Overall migration status (periodically updated)

  • (DONE) Install new base server
    • New server mentat-alt.cesnet.cz is ready and installed using Ansible
  • (DONE) Install Mentat system and Warden client on the server
    • Development version of Mentat system is installed on the server using Debian package system
    • Warden client is installed on the server and connected to production instance of Warden server
  • (IN PROGRESS) Perform data and service migration to new server
    • Prepare database migration scripts
    • Prepare filesystem migration scripts
    • Prepare utility migration scripts
    • Migrate the Mentat service
  • Verify functionality

General guidelines for migration process

  1. Day before migration lower the TTL of relevant DNS records for mentat-hub.cesnet.cz and mentat-alt.cesnet.cz servers
  2. Presynchronize filesystem data (rsync), so that the actual migration will be much quicker later.
    1. report attachments
    2. RRD databases and chart images
    3. cache files
    4. persistent state files
    5. runlog files? (maybe not necessary)
    6. log files? (maybe not necessary)
  3. Shut down Warden client on mentat-hub.cesnet.cz and mentat-alt.cesnet.cz servers and let Mentat empty all queues.
  4. Shut down Mentat systems on mentat-hub.cesnet.cz and mentat-alt.cesnet.cz servers
  5. Perform database migration
    1. users
    2. groups
    3. filters
    4. networks
    5. reports
    6. event statistics
  6. Perform filesystem migration - same data as above
  7. Perform configuration migration
    1. synchronize content of /etc/mentat configuration directory
  8. Switch warden client certificates between mentat-hub.cesnet.cz and mentat-alt.cesnet.cz servers
  9. Switch shibd configuration between mentat-hub.cesnet.cz and mentat-alt.cesnet.cz servers
  10. Switch hostnames and IP addresses between mentat-hub.cesnet.cz and mentat-alt.cesnet.cz servers
  11. Reboot both servers and pray to your favorite god, or as an atheist sit quietly with your hands in your lap
  12. Login to new mentat-hub.cesnet.cz and launch everything
    1. Launch Mentat backend services (daemons and scripts)
    2. Launch Warden client and verify messages are being stored into database
    3. Verify that the web interface is accessible
  13. Synchronize crontab for root

Event migration might not be necessary. If the Mentat will be running on new server for some time and without any downtimes, we could skip slow migration of events from MongoDB to PostgreSQL.

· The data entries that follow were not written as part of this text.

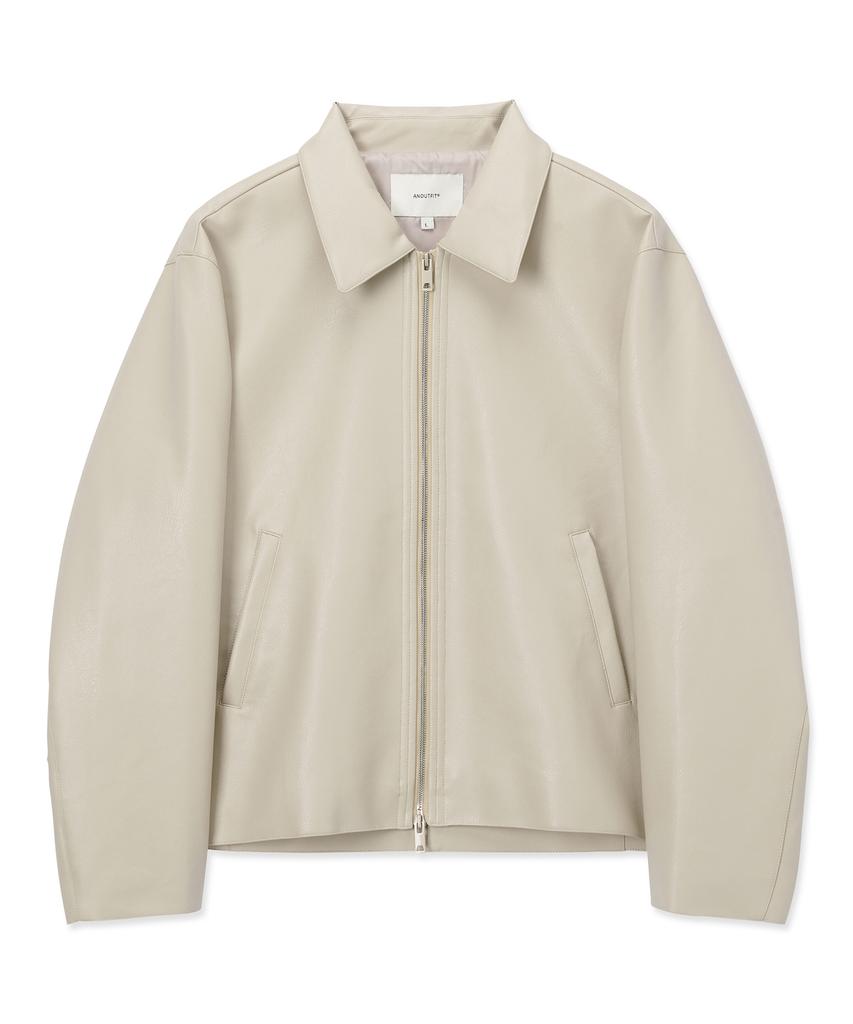 Aott Crop Vegan Leather Jacket Cream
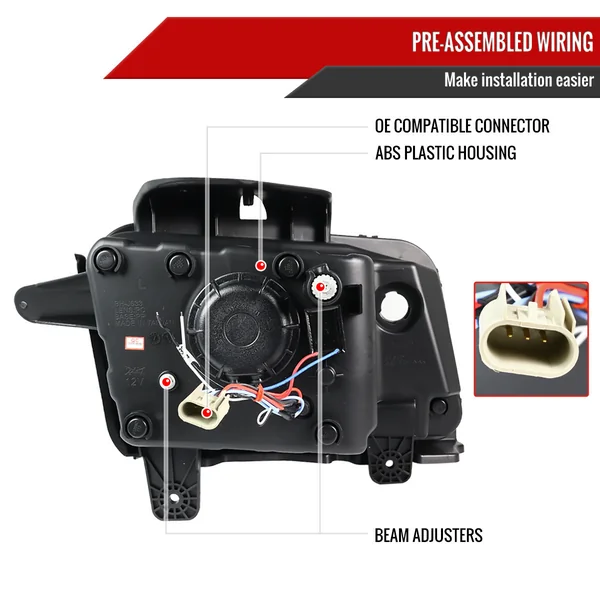 5th Gen Camaro Projector Headlights w/ LED Bar, Chrome Housing2010-2013 Camaro w/o HID Headlights - Image 7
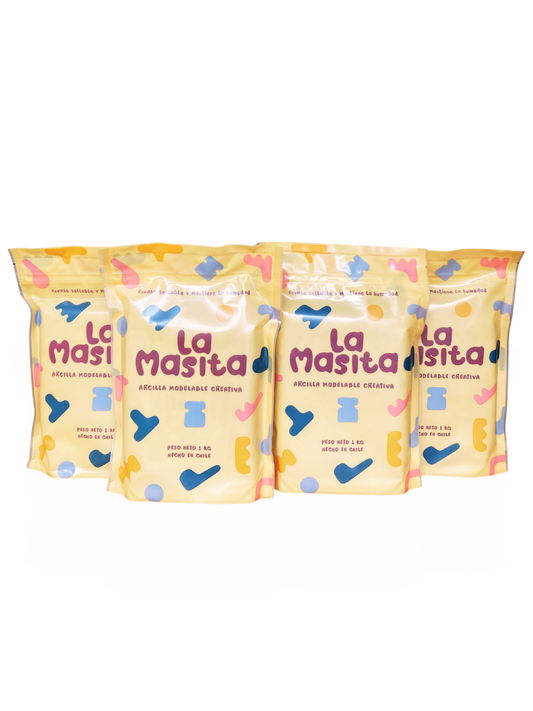 Pack 4 Bolsas Arcilla La Masita para profesores Montessori y Waldorf en el aula
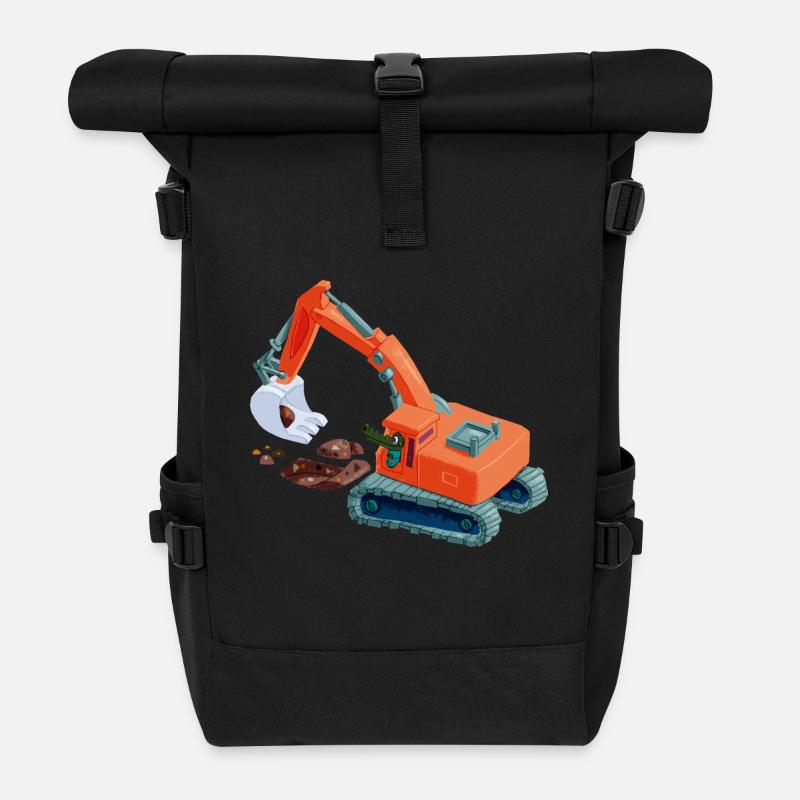 Crocodile dans excavateur - Sac à dos roll top - noir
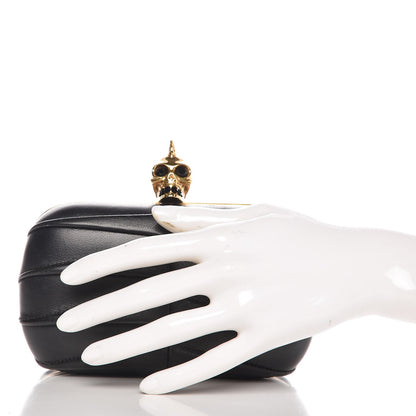 Alexander McQueen Lambskin Pleated Skull Box Clutch Black 2 of 10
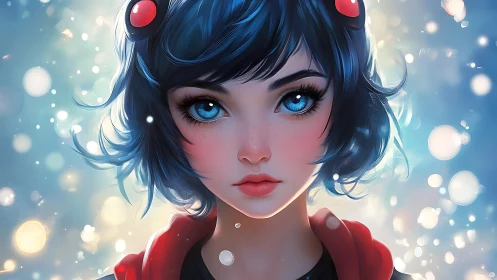 Digital portrait depicts blue‑haired girl with luminous eyes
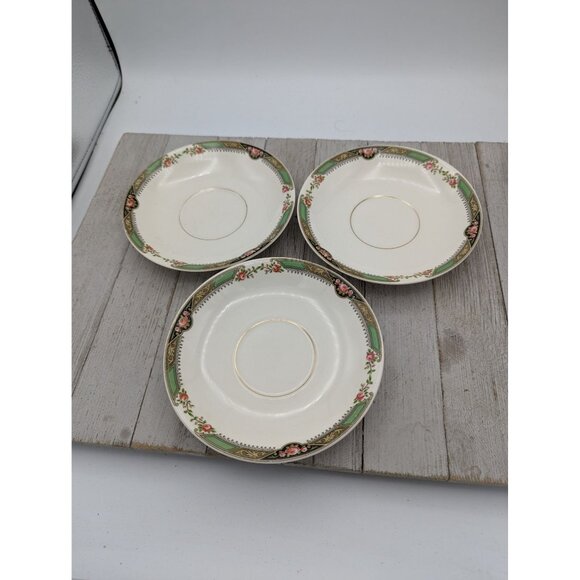 Vintage Homer Laughlin Set of 3 Saucers Plates Neville Pattern - Picture 1 of 8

Migration process checklist

Trial period before migration

During this period the mentat-alt.cesnet.cz server works as independent and fully operational instance of Mentat system, which can be used for testing and development purposes.

  1. (DONE) mentat-alt.cesnet.cz: Install base server.
  2. mentat-alt.cesnet.cz: Configure server monitoring with Nagios.
  3. mentat-alt.cesnet.cz: Configure server backup.
  4. (DONE) mentat-alt.cesnet.cz: Install development version of Mentat system. Keep it running and updated during trial period.
  5. (DONE) mentat-hub.cesnet.cz: Write script for periodical dump of MongoDB.
    1. Script is called /root/mentatdb-dump-all.sh.
    2. Verified, that script is working properly.
  6. (DONE) mentat-alt.cesnet.cz: Write script for periodical import of MongoDB dumps from mentat-hub.cesnet.cz.
    1. Script is called /root/mentat-sync-mongodb.sh.
    2. Verified, that script is working properly.
  7. (DONE) mentat-hub.cesnet.cz: Install cronjob for script /root/mentat-sync-mongodb.sh to periodically test the import process.
    1. Installed with following root crontab record: 5 */4 * * * /root/mentat-sync-mongodb.sh
    2. The script will perform fresh dump using /root/mentatdb-dump-all.sh on mentat-hub.cesnet.cz, fetch the result and import it to local MongoDB instance.
    3. Verified, that cronjob is working properly.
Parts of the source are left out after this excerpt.